In the Sentencing Reform Act of 1984, Congress decided to cap the sentence reduction credits for behaving in prison at about 15%. The formula they chose was 54 days per year, which actually works out to 14.8%. But is that 14.8% off the total sentence or credit for 14.8% of the time actually served? That was the question before the Supreme Court in today's decision of Barber v. Thomas. The difference works out to about 10 weeks for a 10-year sentence.

(1) Total sentence: 3652 days * 0.148 = 540 max days credit
     3112 actual days served + 540 max credits = 3652 total sentence

(2) Let time actually served with max credits = x: then x + 0.148x = 3652
     3652 / 1.148 = x; x = 3181 days.
     max credits for 3181 days = 3181 * 0.148 = 471
     3181 min days served + 471 max credits = 3652 days total sentence

Neither problem is particularly difficult mathematically. If, as Justice Kennedy says in dissent, "the Court's interpretation  ... imposes ... additional prison time on federal prisoners according to a mathematical formula they will be unable to understand," perhaps they should earn their credits attending remedial eighth-grade math class.

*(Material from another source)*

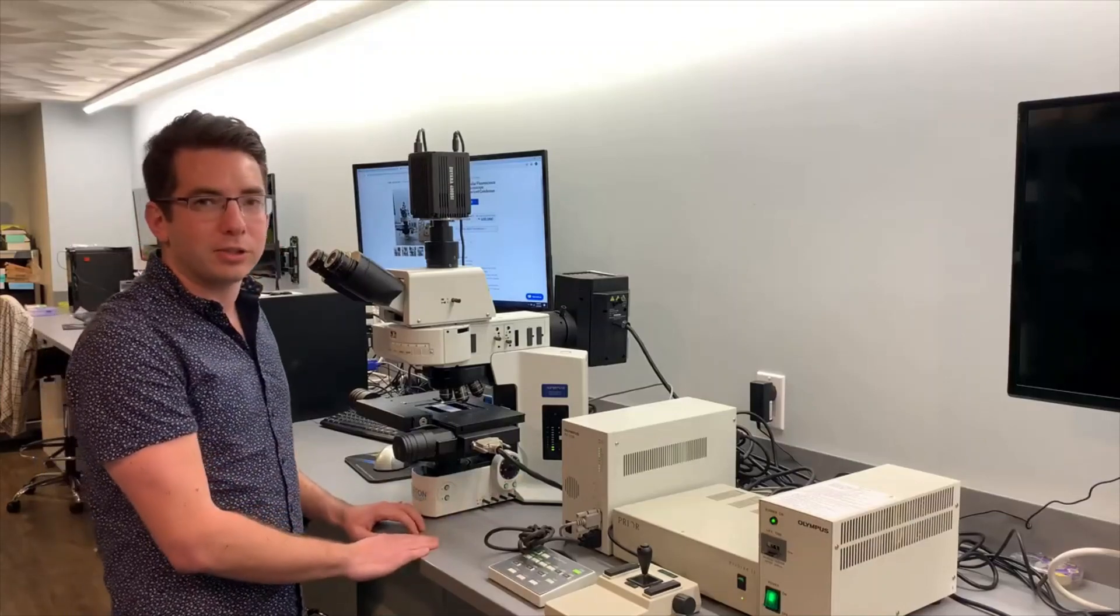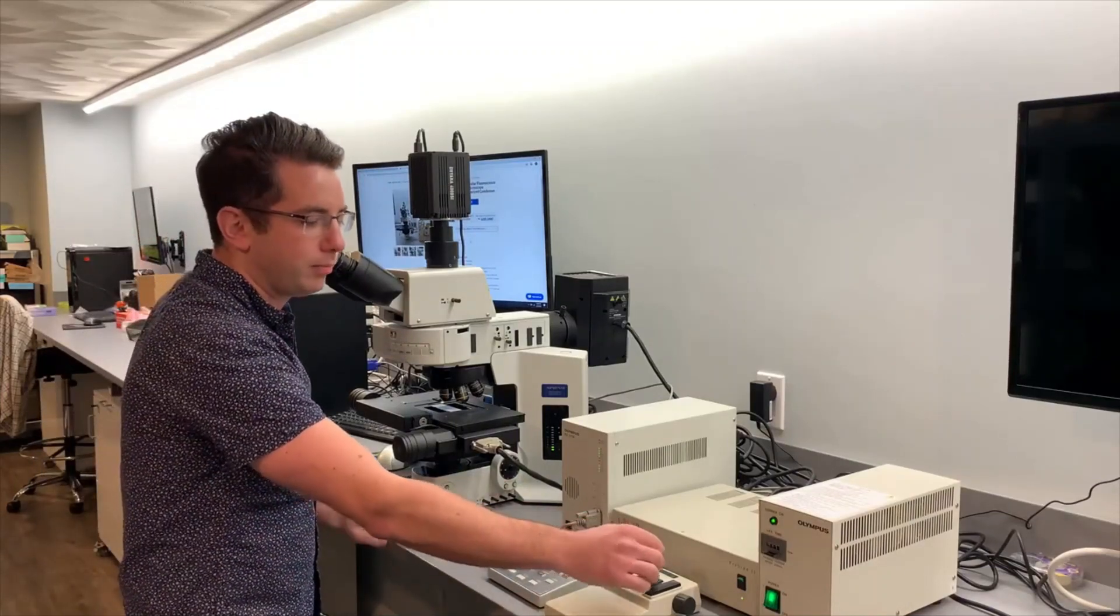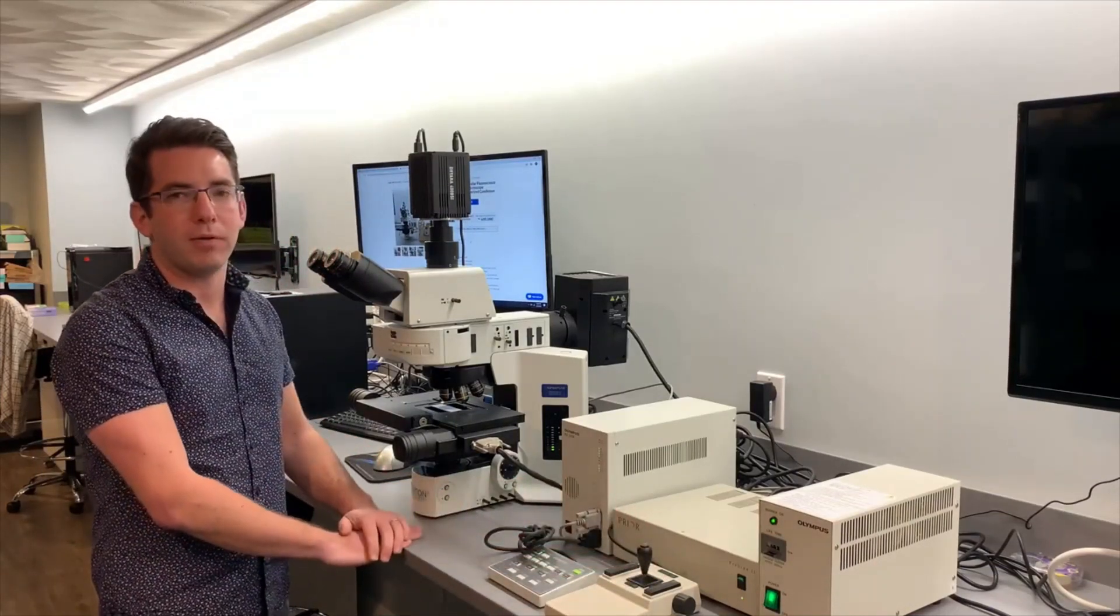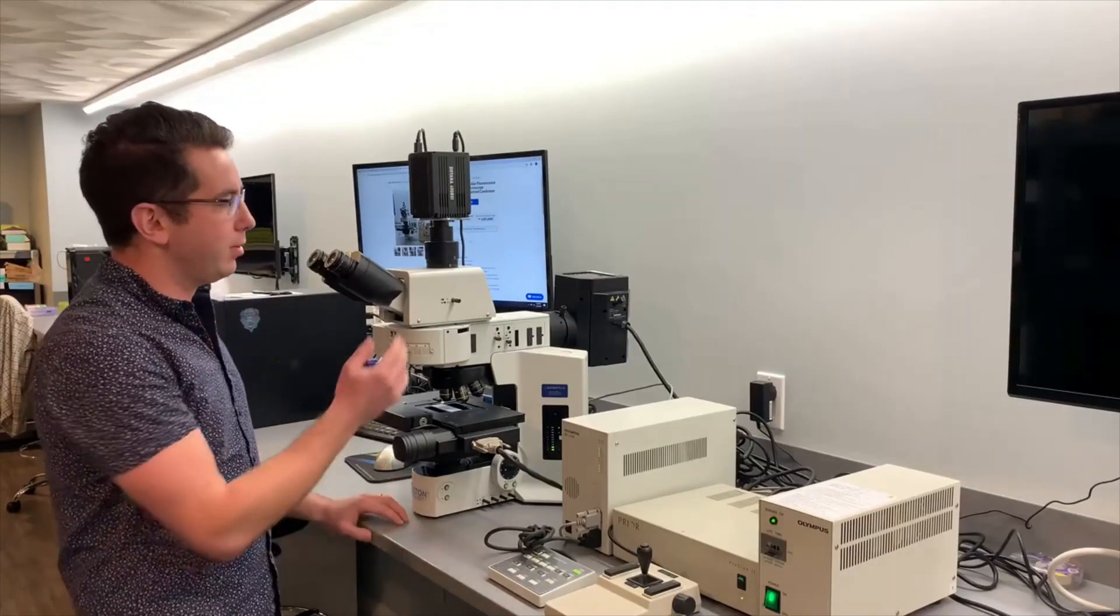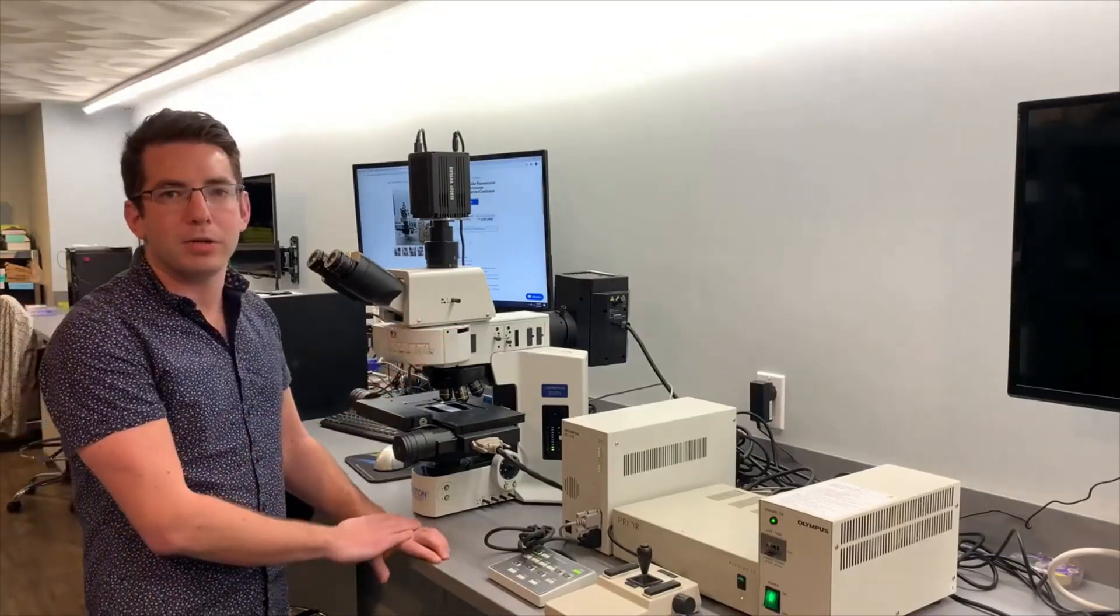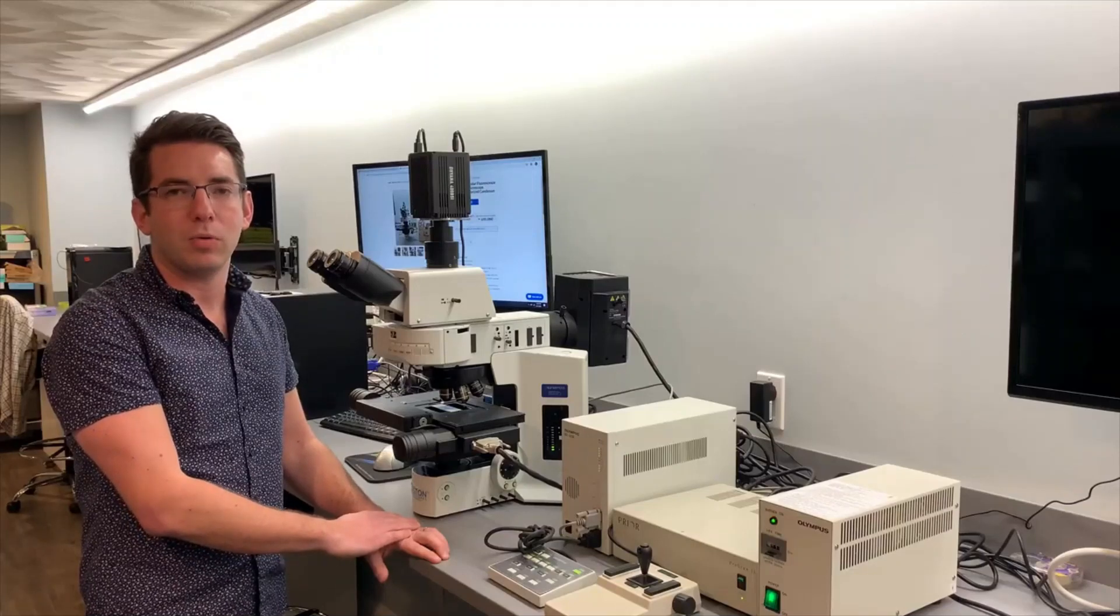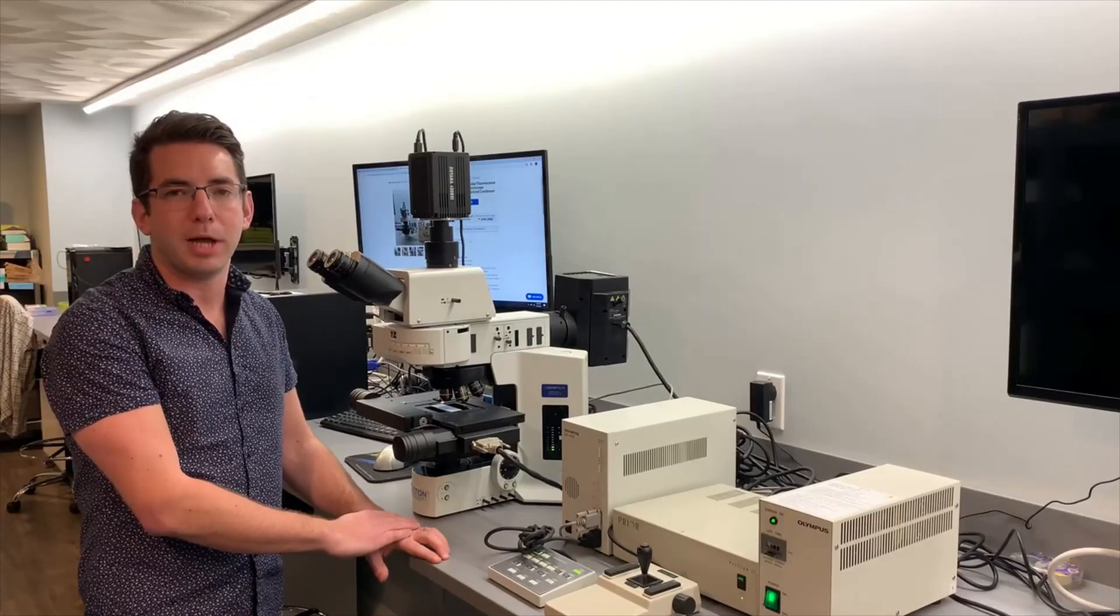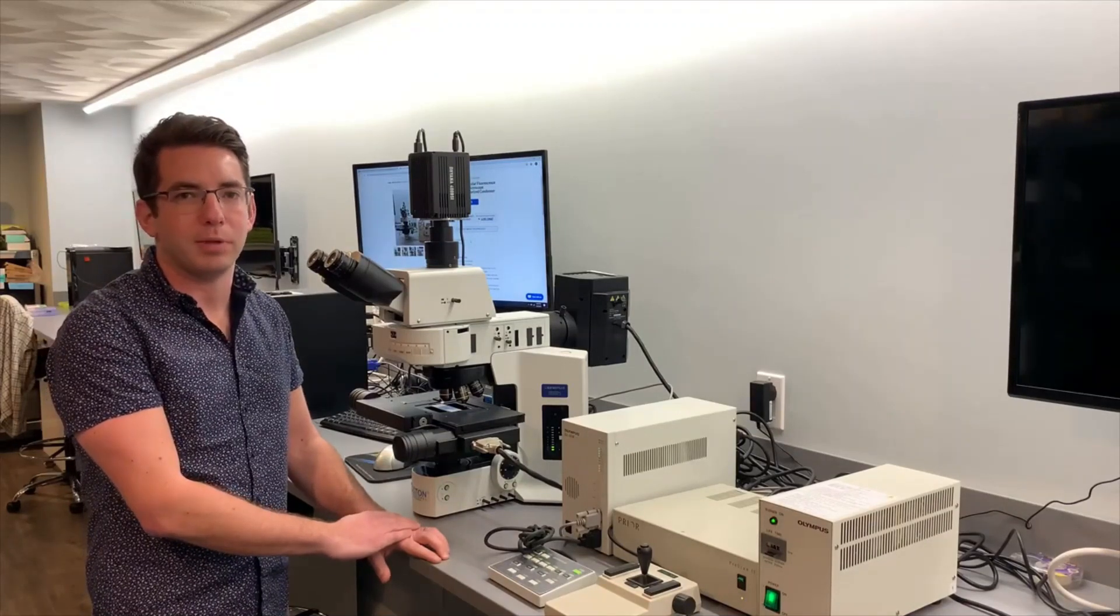The stage can also be controlled manually or through the computer software. This microscope standard comes with a mercury illuminator but can easily be upgraded to an Excelitas or LuminCore LED light supply as well as an 89 North light supply.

To me, it is self-evident that when a statute provides that good time credits must be earned by behaving well in prison, the credit must be calculated on the basis of time actually served, not time sentenced.  The contrary view seems to be based on a policy preference for shorter sentences. To get there, you have to say that the inmate earns good-time credit for days he didn't have to serve due to having earned credit for earlier days, a sort of compound-interest approach to good time. I also find it a bit hyperbolic to say the result is "devastating" for the best-behaved inmates when it means an extra 10 weeks for someone sentenced to 10 years. Sure, every day counts, but we are talking about less than 2% of the total here.

I expect that the most useful portion of the opinion for state and local prosecutors will be Justice Breyer's response to the "rule of lenity" argument:

Even so, the rule of lenity only applies if, after considering text, structure, history, and purpose, there remains a "grievous ambiguity or uncertainty in the statute," Muscarello v. United States, 524 U. S. 125, 139 (1998) (internal quotation marks omitted), such that the Court must simply "'guess as to what Congress intended.'" Bifulco [v. United States, 447 U.S. 381,] 387 [1980].

That seems to relegate the rule of lenity to the kind of last-resort tool that will rarely be needed to interpret a statute.